At some point the history of our times will be written, and the author will have to address one very important question. When was the union of Great Britain and Northern Ireland lost?
Many dates could compete to be that decisive moment. One of the strongest contenders would be the Brexit referendum, when the DUP threw in its lot with the Little Englanders.

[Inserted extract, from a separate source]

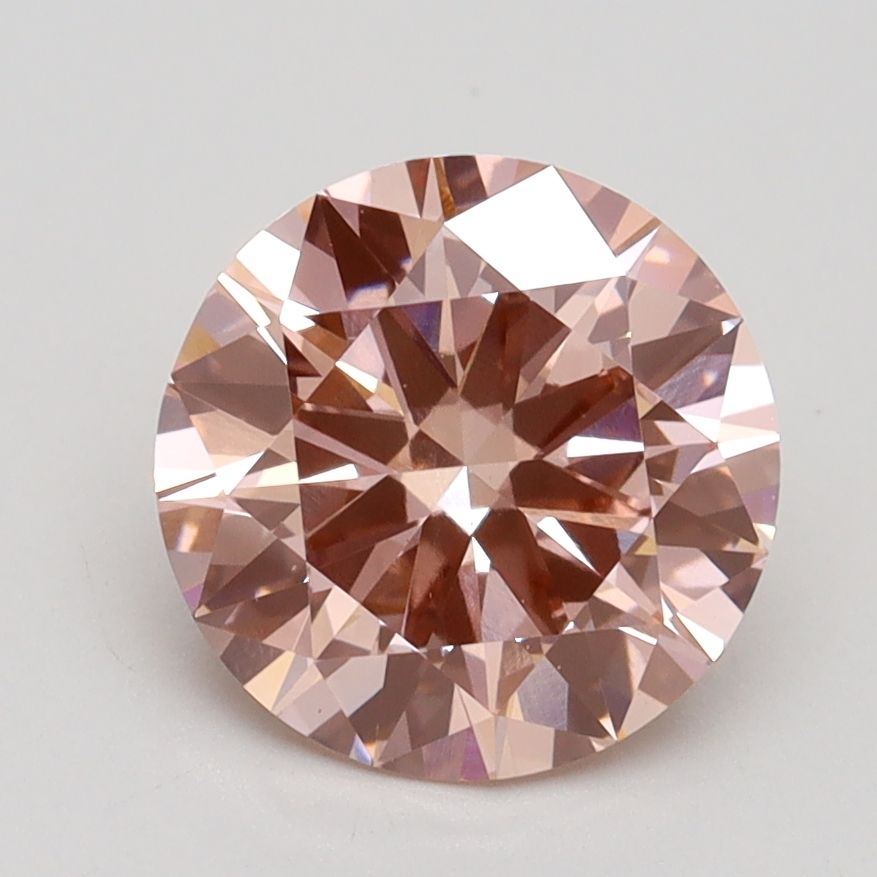 Lab-Grown ROUND Diamond - 2 Carat, Fancy Intense Pink Color, VS1 Clarity | Sustainable Luxury, Dazzling Brilliance | IGI | Certified LG536200839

Another was its decision to defenestrate Theresa May and put into power a renowned liar who promised the earth, but delivered a border down the Irish Sea.
Without question, the DUP’s pursuit of Brexit in the hope it would make the Irish border rematerialize was a nail in the GB/NI coffin.
But the seeds for Northern Ireland’s decline and fall were sown in the heady days after the signing of the Good Friday Agreement, an epoch-changing event in the history of these islands which offered so much to unionists, but was rejected.
For all the reflection in this 25th year, little attention has been paid to unionism’s determination to grasp defeat from the jaws of victory.
Through the agreement, unionism was given the opportunity to copper-fasten Northern Ireland as part of the UK.
While acknowledging the ‘legitimate’ wish of nationalists for a united Ireland, the agreement noted that “the present wish of a majority of the people of Northern Ireland, freely exercised and legitimate, is to maintain the union… it would be wrong to make any change in the status of Northern Ireland save with the consent of a majority of its people”.
Its meaning was clear. Northern Ireland was, and would remain, part of the UK while a majority of its people wanted it.
There is no doubt in my mind that, had unionism stepped up to the plate, operated the institutions, acknowledged the legitimacy of the aspiration for a united Ireland, and lived up to its pledges to respect people’s culture and traditions as part of the warp and weft of this place, the pressure for a border poll today would not be as strong, or as compelling – even with the demographic shifts.
But by doing all they could to subvert the agreement, from the outside and then from inside, unionism – and the DUP in particular – has become a recruiting sergeant for Sinn Féin and made republicans of nationalists who would have been content with the status quo had the Assembly been delivering on health, education, jobs and all the other things that materially impact on the quality of our lives.
While they continue their abstentionist approach to politics here, the DUP will further erode confidence in Northern Ireland’s ability to function; it will amplify the message that it is a failed political entity; and it will further erode any latent support it has in the rest of the UK.
Let us not forget a recent YouGov poll found that more people in Great Britain would be upset if they lost the Falklands than if Northern Ireland left the union.
Or put it another way, a handful of sheep farmers in the south Atlantic have had a greater impact on the British psyche than Donaldson, Foster, Poots et al. And that’s hardly surprising given the way they have behaved. Don’t Cry for Me Argentina should be their party anthem.
For the first half of Northern Ireland’s existence, unionism demonstrated it was unfit for office. Having been given a chance to ‘get it right this time’ or, as the agreement put it, to have a “fresh start”, unionism has proven itself to be not up to the task.
Is there a way back? I can’t see it. I wish him well, but I think Doug Beattie’s time is past – even if he is brave enough to be unionism’s de Klerk. History suggests de Klerks don’t last here – O’Neill, Faulkner, Trimble can each testify to that.
Donaldson is certainly not up to it. The party is too beholden to the TUV, to loyalist paramilitaries, and the sectarian loyal orders. In any case, he doesn’t have the wider grasp or charisma needed to lead.
What makes sense to him and his cronies, makes no sense to the rest of us.